» Task description
Give only the number of lines below that contain the word "Shirts".

» Stored data entries
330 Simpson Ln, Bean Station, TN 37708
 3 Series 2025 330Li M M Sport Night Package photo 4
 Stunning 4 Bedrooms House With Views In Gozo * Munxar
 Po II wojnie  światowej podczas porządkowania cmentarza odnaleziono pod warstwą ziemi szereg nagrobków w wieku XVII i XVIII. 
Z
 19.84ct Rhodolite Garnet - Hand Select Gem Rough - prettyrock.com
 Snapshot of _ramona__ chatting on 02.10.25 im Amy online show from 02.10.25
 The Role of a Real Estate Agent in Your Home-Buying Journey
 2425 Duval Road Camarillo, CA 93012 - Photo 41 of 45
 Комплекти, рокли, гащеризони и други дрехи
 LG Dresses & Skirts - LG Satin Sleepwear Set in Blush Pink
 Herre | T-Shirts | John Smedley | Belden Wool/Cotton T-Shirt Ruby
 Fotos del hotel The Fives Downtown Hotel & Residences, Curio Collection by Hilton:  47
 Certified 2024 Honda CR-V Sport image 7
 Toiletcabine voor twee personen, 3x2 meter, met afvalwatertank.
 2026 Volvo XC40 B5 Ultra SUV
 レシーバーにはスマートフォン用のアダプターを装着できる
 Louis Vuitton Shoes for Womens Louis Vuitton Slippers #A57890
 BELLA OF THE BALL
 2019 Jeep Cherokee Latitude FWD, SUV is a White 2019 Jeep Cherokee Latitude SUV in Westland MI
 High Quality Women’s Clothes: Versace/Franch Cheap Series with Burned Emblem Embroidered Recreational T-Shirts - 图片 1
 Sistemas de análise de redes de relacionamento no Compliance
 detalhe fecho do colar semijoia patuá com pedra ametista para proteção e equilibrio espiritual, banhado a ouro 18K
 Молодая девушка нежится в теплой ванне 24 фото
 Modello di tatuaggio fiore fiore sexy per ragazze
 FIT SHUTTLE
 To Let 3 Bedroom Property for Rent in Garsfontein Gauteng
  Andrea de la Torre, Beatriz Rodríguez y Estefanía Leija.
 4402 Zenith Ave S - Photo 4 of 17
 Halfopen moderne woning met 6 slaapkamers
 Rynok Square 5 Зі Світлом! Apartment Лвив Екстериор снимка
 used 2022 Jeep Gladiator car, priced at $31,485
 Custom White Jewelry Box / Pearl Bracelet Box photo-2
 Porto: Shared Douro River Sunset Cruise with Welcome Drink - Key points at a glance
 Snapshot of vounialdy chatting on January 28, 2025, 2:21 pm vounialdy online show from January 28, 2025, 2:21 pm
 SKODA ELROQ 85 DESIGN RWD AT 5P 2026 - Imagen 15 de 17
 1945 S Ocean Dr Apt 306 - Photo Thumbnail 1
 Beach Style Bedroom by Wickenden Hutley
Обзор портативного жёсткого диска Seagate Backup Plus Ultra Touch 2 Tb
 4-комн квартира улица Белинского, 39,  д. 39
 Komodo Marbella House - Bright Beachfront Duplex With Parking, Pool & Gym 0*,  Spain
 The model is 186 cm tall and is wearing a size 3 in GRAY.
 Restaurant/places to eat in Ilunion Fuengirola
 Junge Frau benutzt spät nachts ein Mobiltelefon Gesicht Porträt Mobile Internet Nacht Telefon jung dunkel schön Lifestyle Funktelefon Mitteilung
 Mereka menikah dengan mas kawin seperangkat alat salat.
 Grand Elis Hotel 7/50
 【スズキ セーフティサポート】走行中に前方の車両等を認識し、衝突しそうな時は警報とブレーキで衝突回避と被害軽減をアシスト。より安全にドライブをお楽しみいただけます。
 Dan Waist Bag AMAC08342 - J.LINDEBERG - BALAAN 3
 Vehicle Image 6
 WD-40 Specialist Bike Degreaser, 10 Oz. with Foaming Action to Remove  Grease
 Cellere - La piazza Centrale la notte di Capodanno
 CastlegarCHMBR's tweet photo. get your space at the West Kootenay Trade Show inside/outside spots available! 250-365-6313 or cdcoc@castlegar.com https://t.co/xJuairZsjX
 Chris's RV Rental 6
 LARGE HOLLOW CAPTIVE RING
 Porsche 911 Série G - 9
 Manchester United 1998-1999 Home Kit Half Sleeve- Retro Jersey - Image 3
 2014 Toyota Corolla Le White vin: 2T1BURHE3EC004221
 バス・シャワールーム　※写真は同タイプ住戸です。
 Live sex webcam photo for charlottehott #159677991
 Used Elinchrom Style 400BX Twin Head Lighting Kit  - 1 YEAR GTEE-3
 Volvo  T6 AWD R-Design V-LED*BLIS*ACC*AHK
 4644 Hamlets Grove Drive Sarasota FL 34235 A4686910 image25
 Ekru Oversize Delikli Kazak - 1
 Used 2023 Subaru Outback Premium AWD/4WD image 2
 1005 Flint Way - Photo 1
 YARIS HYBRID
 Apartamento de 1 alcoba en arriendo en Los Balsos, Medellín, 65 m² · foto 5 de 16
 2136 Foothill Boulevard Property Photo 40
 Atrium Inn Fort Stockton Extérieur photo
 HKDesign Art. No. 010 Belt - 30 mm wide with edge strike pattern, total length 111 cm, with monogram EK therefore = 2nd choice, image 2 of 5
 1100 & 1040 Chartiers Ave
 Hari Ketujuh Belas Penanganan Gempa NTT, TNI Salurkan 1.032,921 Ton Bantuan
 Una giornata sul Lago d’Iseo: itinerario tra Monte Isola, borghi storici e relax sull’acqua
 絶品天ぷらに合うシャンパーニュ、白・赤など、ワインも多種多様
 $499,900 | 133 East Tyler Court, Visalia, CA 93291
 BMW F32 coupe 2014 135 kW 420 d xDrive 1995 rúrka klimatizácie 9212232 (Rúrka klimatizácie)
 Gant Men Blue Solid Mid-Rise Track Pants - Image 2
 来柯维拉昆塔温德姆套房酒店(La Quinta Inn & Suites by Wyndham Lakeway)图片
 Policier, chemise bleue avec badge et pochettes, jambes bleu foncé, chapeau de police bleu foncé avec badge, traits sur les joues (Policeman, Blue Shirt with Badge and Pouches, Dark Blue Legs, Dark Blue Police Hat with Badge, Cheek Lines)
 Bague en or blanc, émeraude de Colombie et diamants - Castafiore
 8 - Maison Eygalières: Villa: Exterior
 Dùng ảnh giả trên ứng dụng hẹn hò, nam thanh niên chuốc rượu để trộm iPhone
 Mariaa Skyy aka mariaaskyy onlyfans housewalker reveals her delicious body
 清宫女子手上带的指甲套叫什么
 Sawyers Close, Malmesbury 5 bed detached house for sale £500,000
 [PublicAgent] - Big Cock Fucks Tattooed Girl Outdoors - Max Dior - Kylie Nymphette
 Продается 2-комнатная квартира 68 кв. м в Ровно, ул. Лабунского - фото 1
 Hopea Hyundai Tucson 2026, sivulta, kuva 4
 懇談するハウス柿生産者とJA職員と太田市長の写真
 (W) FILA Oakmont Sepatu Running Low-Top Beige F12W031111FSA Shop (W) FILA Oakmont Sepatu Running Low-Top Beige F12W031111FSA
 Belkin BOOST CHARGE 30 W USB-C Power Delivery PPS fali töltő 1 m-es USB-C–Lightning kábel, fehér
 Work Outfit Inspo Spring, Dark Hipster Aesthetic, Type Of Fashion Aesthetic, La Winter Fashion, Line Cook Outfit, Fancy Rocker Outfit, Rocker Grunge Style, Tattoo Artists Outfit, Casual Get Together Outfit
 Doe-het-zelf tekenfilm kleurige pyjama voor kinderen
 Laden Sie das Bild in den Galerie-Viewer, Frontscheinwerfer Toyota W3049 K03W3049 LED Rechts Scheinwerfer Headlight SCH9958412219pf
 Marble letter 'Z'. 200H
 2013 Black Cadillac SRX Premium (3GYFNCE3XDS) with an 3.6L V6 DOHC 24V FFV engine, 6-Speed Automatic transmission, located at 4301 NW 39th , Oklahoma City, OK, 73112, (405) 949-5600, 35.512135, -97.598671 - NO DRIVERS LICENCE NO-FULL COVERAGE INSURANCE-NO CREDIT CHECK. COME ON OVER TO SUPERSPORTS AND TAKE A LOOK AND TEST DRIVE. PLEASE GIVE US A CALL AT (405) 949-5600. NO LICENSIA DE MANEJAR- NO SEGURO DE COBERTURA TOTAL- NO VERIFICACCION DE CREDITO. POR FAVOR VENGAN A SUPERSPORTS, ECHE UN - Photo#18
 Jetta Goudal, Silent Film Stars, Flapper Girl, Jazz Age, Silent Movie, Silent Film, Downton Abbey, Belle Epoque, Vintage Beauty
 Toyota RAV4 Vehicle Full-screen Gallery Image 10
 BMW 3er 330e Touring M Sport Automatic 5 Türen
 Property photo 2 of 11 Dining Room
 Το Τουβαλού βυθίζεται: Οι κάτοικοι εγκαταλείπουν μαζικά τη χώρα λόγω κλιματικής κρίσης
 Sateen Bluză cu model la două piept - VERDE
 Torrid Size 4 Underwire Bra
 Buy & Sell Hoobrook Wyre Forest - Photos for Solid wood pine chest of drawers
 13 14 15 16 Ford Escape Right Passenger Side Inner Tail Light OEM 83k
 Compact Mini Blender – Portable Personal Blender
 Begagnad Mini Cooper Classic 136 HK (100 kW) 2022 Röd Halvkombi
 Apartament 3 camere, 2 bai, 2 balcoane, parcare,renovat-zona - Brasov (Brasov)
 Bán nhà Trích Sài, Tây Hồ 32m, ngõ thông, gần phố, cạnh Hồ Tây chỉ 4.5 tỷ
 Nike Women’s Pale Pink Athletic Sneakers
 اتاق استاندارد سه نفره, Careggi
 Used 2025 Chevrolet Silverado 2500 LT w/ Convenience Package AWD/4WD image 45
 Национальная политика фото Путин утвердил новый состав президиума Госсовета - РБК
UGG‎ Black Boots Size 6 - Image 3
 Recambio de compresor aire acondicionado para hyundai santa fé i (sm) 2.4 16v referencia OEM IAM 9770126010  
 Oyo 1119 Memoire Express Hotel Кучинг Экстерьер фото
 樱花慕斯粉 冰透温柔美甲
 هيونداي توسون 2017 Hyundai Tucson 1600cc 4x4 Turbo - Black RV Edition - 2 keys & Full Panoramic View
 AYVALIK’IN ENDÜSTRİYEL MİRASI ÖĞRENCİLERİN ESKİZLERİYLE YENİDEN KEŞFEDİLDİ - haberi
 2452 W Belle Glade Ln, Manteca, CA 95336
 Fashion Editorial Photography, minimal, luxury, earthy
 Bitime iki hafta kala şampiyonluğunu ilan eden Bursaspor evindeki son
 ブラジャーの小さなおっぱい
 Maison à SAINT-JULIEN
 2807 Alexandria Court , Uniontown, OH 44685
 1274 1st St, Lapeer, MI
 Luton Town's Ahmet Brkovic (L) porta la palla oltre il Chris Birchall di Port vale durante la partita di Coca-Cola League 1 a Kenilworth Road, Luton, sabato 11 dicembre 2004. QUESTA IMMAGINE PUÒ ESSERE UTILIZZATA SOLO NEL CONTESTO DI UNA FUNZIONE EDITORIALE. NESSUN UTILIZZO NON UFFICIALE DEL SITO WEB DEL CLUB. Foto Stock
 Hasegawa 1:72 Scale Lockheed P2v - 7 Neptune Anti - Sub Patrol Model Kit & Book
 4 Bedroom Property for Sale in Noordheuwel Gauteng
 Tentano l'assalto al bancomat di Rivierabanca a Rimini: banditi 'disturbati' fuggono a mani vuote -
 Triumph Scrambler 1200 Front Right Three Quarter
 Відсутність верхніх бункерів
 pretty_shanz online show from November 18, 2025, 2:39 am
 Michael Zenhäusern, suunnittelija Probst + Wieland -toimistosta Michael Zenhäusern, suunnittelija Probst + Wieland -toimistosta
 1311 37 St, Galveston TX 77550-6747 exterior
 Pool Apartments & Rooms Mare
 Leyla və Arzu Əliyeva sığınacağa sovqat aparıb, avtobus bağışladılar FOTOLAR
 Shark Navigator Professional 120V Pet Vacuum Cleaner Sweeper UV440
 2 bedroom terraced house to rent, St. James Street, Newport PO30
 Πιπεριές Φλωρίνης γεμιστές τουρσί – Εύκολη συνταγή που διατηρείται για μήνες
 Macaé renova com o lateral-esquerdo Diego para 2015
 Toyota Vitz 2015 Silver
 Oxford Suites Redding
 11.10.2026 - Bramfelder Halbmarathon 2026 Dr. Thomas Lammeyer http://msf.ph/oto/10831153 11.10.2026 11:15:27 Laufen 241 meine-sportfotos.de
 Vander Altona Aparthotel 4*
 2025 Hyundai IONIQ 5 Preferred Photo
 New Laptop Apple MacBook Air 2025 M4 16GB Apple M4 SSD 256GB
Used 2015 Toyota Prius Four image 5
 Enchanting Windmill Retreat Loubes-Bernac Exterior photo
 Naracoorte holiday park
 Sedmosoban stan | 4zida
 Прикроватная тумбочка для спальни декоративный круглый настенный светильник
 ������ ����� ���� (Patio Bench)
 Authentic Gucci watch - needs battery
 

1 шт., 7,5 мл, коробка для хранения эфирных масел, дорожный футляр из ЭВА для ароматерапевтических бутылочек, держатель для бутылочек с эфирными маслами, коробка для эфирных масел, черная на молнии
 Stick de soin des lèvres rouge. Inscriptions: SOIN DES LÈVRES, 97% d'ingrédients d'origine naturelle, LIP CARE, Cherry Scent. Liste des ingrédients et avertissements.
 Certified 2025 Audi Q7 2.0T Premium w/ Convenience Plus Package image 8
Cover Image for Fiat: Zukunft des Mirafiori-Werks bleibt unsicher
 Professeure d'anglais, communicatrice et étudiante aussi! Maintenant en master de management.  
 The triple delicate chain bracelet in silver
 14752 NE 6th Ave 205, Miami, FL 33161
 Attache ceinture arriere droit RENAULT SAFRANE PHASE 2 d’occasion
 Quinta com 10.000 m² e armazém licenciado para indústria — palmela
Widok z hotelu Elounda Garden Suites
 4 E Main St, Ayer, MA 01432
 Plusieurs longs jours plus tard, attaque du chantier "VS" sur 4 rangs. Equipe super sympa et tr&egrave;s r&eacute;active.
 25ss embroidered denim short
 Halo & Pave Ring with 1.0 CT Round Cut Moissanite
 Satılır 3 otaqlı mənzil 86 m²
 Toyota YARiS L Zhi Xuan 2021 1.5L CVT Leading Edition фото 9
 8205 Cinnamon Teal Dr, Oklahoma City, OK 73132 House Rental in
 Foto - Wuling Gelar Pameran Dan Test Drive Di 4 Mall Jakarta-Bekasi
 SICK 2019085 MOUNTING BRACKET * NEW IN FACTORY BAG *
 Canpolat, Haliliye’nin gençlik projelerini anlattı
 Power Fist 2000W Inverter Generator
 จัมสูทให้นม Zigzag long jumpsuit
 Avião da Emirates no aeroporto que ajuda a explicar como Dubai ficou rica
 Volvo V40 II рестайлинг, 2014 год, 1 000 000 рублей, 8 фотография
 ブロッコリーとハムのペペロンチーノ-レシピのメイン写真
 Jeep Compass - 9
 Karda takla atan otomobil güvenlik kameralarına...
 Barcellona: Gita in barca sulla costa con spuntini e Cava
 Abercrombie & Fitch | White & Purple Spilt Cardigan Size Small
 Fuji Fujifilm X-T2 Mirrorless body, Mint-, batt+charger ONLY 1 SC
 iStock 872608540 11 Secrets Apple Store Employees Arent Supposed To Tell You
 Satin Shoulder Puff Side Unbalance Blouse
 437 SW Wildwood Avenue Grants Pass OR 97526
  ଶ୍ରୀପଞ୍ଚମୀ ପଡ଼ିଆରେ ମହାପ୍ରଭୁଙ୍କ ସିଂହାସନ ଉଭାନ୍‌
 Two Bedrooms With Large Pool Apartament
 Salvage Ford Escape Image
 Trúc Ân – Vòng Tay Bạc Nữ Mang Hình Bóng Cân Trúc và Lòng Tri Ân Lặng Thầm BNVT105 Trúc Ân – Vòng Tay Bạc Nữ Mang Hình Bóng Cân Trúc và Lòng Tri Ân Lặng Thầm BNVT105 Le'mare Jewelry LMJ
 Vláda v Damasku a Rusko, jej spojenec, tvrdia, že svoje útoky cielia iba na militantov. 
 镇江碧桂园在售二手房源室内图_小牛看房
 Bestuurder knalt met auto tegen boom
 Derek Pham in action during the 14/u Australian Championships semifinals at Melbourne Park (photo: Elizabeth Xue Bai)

» Problem solution
2